Valisure
- Type: Private
- Founded: 2015
- Founders: David Light; Adam Clark-Joseph;
- Headquarters: New Haven, Connecticut
- Key people: David Light Chip Phillips (CEO)
- Website: valisure.com

= Valisure =

Independent American laboratory

Valisure is an American independent laboratory focused on testing the purity and safety of pharmaceutical drugs and consumer products. Valisure was founded in 2015 in New Haven.

==History==
Valisure was founded in 2015 by Adam Clark-Joseph and David Light. After taking an anticonvulsant medication and experiencing negative side effects due to the poor quality of the drug, Clark-Joseph contacted Light about establishing a business testing pharmaceutical products. Valisure was originally established as a pharmacy, which, unlike typical pharmacies, tested drugs before distributing them.
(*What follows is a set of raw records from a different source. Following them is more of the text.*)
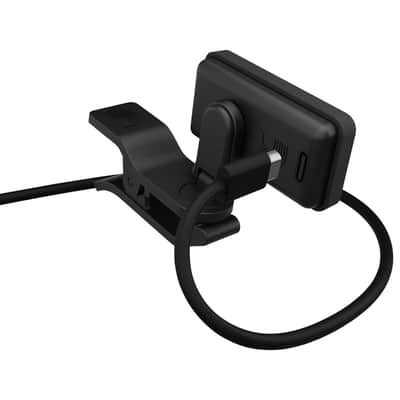 PW-CT-27 BK Eclipse Black Rechargeable D'Addario image 3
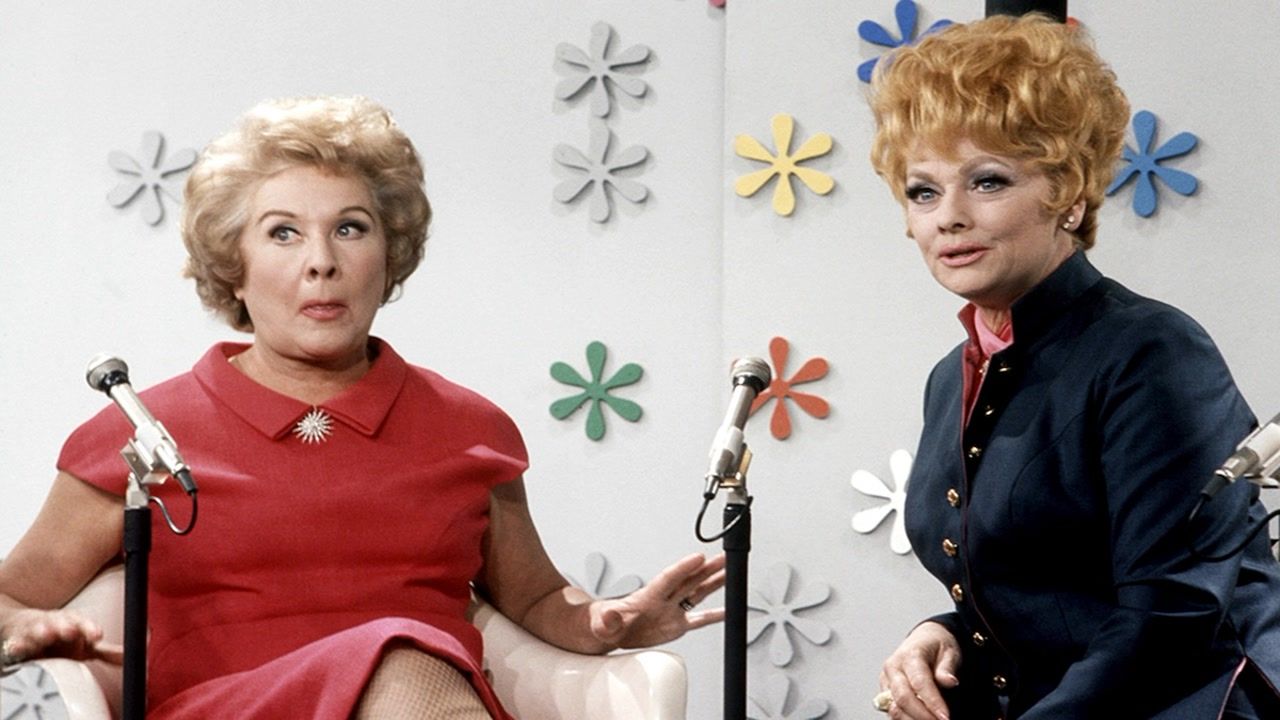 The real Lucy and Ethel: Were Vivian Vance and Lucille Ball friends?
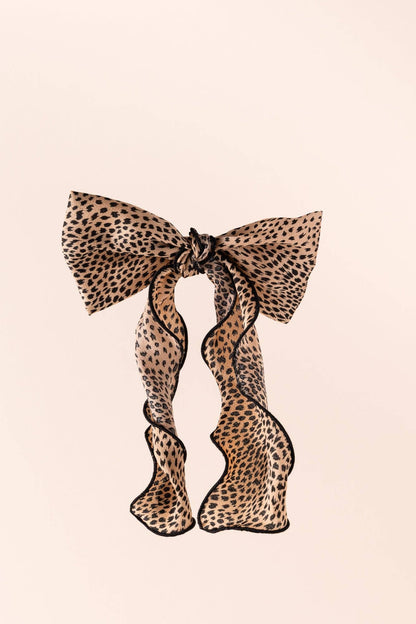 MY NAME IS GIGI PARIS | Barette Hairclip Leo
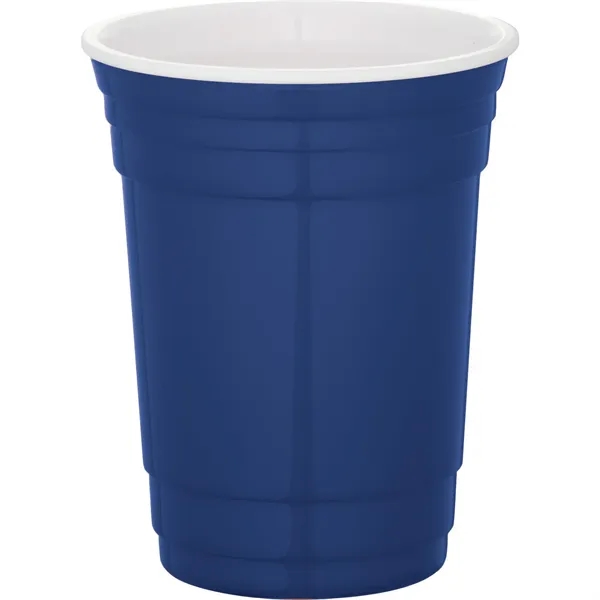 Tailgate 16oz Party Cup - Image 7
Valisure divested of the pharmacy business in 2021, opting instead to focus on testing.

In 2019, Valisure reported that it had tested Zantac and generic equivalents and discovered that they contained N-Nitrosodimethylamine, which is thought to be a carcinogen. In September of that year, Valisure submitted a Citizen Petition to the U.S. Food and Drug Administration seeking withdrawal of ranitidine products after its laboratory testing reported extraordinarily high levels of the carcinogenic nitrosamine NDMA; however, in subsequent litigation, the federal court's review of the scientific evidence found substantial problems with the methodology underlying Valisure's results, including evidence that the elevated-temperature testing procedure could itself generate NDMA from ranitidine, and ultimately excluded the plaintiffs' expert testimony on general causation as scientifically unreliable.

In 2021, Johnson & Johnson recalled sun tan lotions after Valisure discovered they contained high levels of benzene.

In February 2024, Valisure announced Chip Phillips as their new CEO, succeeding David Light. They also announced funding from AlleyCorp and Connecticut Innovations.

Clients of Valisure include Kaiser Permanente and the United States Armed Forces.